L’année suivante, Marius triomphe au Théâtre de Paris. Le style pagnolesque, savant mélange de mélodrame et de couleur locale, fait mouche. La pièce est aussi portée par l’interprétation de Raimu dans le rôle de César et la vogue des artistes provençaux. Incarnation de la faconde marseillaise, Raimu devient non seulement un des acteurs fétiches de Pagnol mais aussi un proche.

Maître du théâtre filmé


En 1929, Pagnol sort transformé de la projection à Londres d’un des premiers longs métrages entièrement sonores : The Broadway Melody de l’Américain Harry Beaumont. Son objectif : devenir à son tour un pionnier du parlant et se partager entre théâtre et cinéma.

Les années 1930 le voient s’imposer comme un maître du théâtre filmé. Devant sa caméra défileront les plus grands : Louis Jouvet, Pierre Fresnay, Orane Demazis… Il fait ses gammes en adaptant plusieurs œuvres de Jean Giono, autre grand écrivain régionaliste : Jofroi (1931) ou encore Un de Baumugnes (1934) sous le titre Angèle. Ce film marque sa première rencontre avec Fernandel, qu’il retrouve en 1937 dans Regain puis dans Le Schpountz (1938), emblématique film à sketchs (« Le général », « Le condamné à mort », etc.).

La consécration vient avec la Trilogie marseillaise regroupant les pièces de théâtre tragique Marius, Fanny et César et leurs adaptations cinématographiques dont il supervise les deux premiers volets. Le dernier, César (1936), est réalisé par Pagnol lui-même avant d’être adapté dix ans plus tard au théâtre.

Pagnol et la musique


Il n’y a pas que l’accent qui chante chez Pagnol. La musique populaire aussi, notamment à travers les refrains de son ami Vincent Scotto enrichissant sa mythologie personnelle. Casimir Oberfeld, compositeur de chansons à succès pendant les Années folles, notamment pour Fernandel, signe quant à lui les musiques emblématiques du film Le Schpountz.

Obsédé par l’aspect sonore de ses films*, Pagnol engage aussi des symphonistes comme Arthur Honegger dont la Première symphonie est partiellement utilisée dans Regain. Dans La Belle Meunière (1948), son premier film en couleur, la musique devient même un élément narratif. Ne choisit-il pas Tino Rossi pour incarner Franz Schubert ?

Le Pagnol du Paradis perdu


Pagnol a beau devenir le premier homme de cinéma élu à l’Académie française le 20 septembre 1946, son esthétique est vue comme appartenant désormais à l’avant-guerre. À la sortie de Manon des sources en 1952, le public n’est donc plus au rendez-vous.

Alors que la télévision redonne vie à ses anciens films, l’artiste se tourne davantage vers la littérature.

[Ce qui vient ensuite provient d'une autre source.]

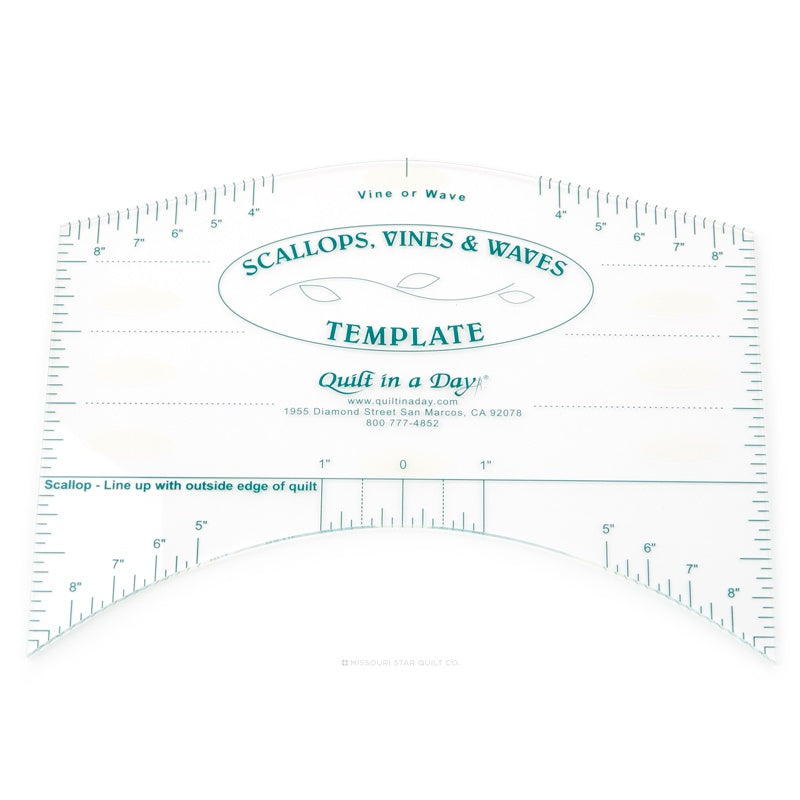 Scallops, Vines & Waves Template ruler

Il entame Souvenirs d’enfance, série de romans biographiques qui le placent au premier plan de l’actualité littéraire : La Gloire de mon père et Le Château de ma mère (1957), Le Temps des secrets (1960) puis Le Temps des amours paru à titre posthume en 1977. Autant de refuges dans un passé idéalisé mais non stéréotypé.

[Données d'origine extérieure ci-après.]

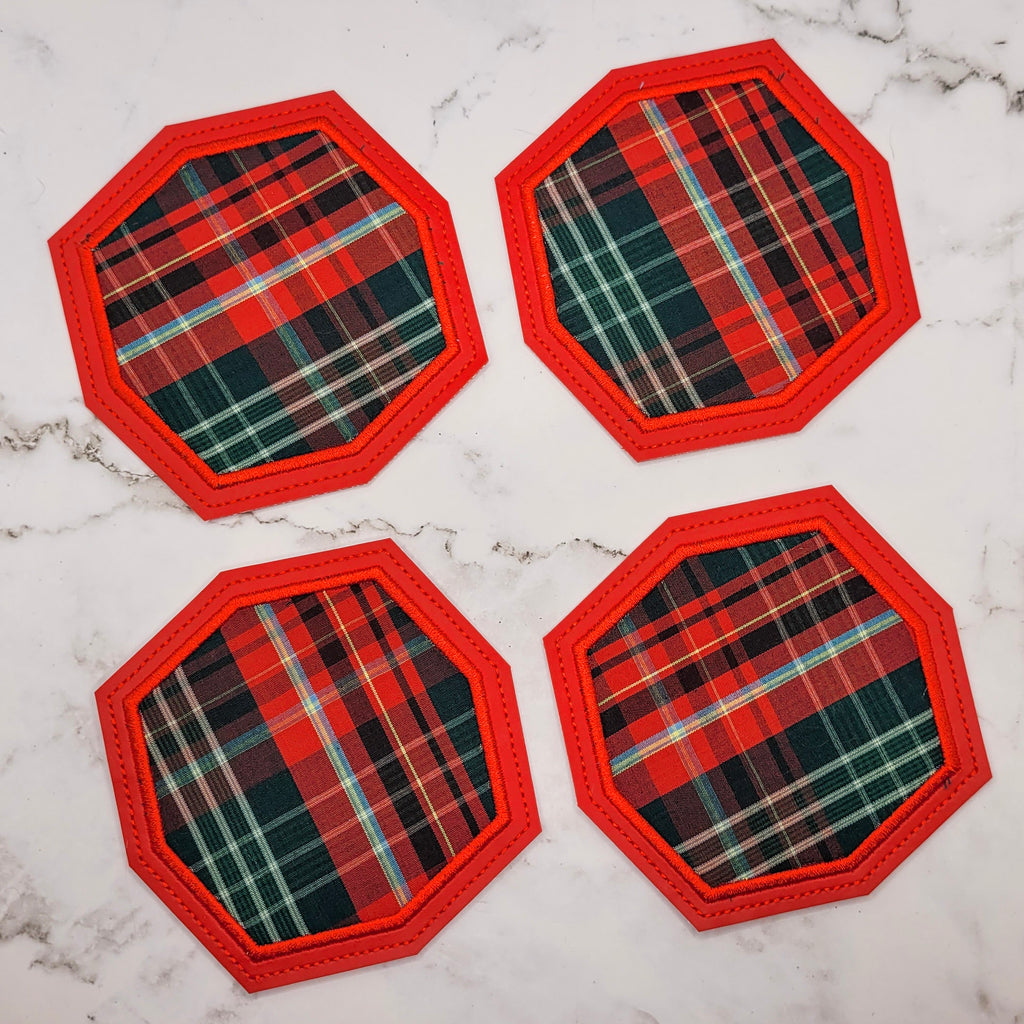 Sous-verres en tartan du Nouveau-Brunswick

Souffrant d’un cancer, Pagnol meurt le 18 avril 1974, à Paris. Sur sa tombe, en guise d’épitaphe, une citation de Virgile en latin : « Il aimait les sources, ses amis, sa femme » (« Fontes amicos uxorem dilexit »). Son œuvre protéiforme résonne toujours comme un témoignage immortel de la vie et de la culture marseillaises.

*Voir l’article universitaire « Musique et cinématurgie chez Marcel Pagnol » de Jérôme Rossi et Sylvain Pfeffer.